Lining up to cross the border.

This is one of the more interesting ways that I’ve crossed into Canada. They set this up especially for RSVP.

Steve was admitted into Canada without having to answer too many questions.

We continue west along on the border, but this time in Canada.

We started seeing a lot of cyclists going the other way on Zero Avenue. It turns out that they were on the BC Ride to Conquer Cancer. Unfortunately we saw two riders in a pack go down, but by the time we got close, it seemed that everyone was on their feet and OK.

Heading north now on Otter Rd. These people look serious.

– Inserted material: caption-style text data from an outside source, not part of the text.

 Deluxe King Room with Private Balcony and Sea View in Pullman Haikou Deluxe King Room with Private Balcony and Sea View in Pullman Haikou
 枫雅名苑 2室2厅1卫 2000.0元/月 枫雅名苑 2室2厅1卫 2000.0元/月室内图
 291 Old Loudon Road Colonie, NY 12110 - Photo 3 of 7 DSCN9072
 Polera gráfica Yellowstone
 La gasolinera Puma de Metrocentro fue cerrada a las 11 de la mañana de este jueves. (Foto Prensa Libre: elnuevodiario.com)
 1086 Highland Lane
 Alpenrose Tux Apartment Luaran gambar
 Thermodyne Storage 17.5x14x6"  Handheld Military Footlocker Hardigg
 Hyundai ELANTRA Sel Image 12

The one big climb for the second day up to the Langley area. I will say that in the middle the grade went up to 13% which was no fun on with my standard 6 Spd Brompton gearing.

Who says recumbents can’t climb?

North Otter Elementary rest stop.

I had a nice conversation with the owner of this bike. 650B, Ti, S&S couplers, etc. His partner had a lot of questions about my Brompton.

A bit of a break in Maple Ridge.

Preparing to cross the Fraser River on the Golden Ears Bridge.

We use a spiral ramp to ascend to the level of the bridge.

Approaching the bridge span proper, we hear our names being called out, and it’s Joel and friend Josh from Minneapolis. Joel had done STP at the same time as us in the past.

I actually found this crossing to be a little unnerving given the fact that the span was very high, and the bikeway rather narrow and right at the edge.

Waiting to cross HWY 7, just at the Pitt River crossing.

This bridge was not as high or long, and the bikeway was wider.

It’s pretty much city riding after the second bridge, but it helps when you are in a huge pack of riders.

Rest stop at Port Moody.

Now we have to skirt Burnaby Mountain before reaching Vancouver. We see a road that looks like it heads straight up the mountain, but we turn right before it.

Now a little over five miles on the Barnett Highway, but at least there is a very wide shoulder.

Who knew that there was a velodrome tucked away on this side of the mountain?

Hopefully this is the last climb. It was a long one, and the shoulder was a little narrow during the climb.

There was no sensor at this left turn, so we were waiting to cross with pedestrians, which was not ideal.

We take the Frances/Union bike route into town, which joins the Adanac bike lane. Although there is this Vancouver sign at theHWY 1 crossing to fool the tourists, we know that the city limit was actually a few blocks back.

The finish line.

A less fancy set up than at the end of STP, but there was a bike corral, and a finish gate that you didn’t ride through, but you could line up to take your instagram photo. We didn’t bother.

Here is the real momento. Note that it says “Vancouver BC”, since if you rode to Vancouver Washington, you’d be going the wrong direction.

Overall, I’d say that the scenery on this ride was better than STP, although there was more climbing to do. I imagine that the border crossing makes this ride less popular than STP.

I got lots of positive comments on the Brompton, and a few on my Palo Alto wool jersey as well. The weather was pretty much ideal.

Why 61%? Well with the disaster the first day, we ended up with only about 61% of the nominal total ride distance. Still, given that I was a little undertrained for the event, it was perfect. Thanks to Steve; always a pleasure to be riding with you. Once again huge thanks to Peg who saved the day by driving out to Woodinville after I sent her to get the wrong tire, and for making it possible for us to rejoin the ride at Mt. Vernon.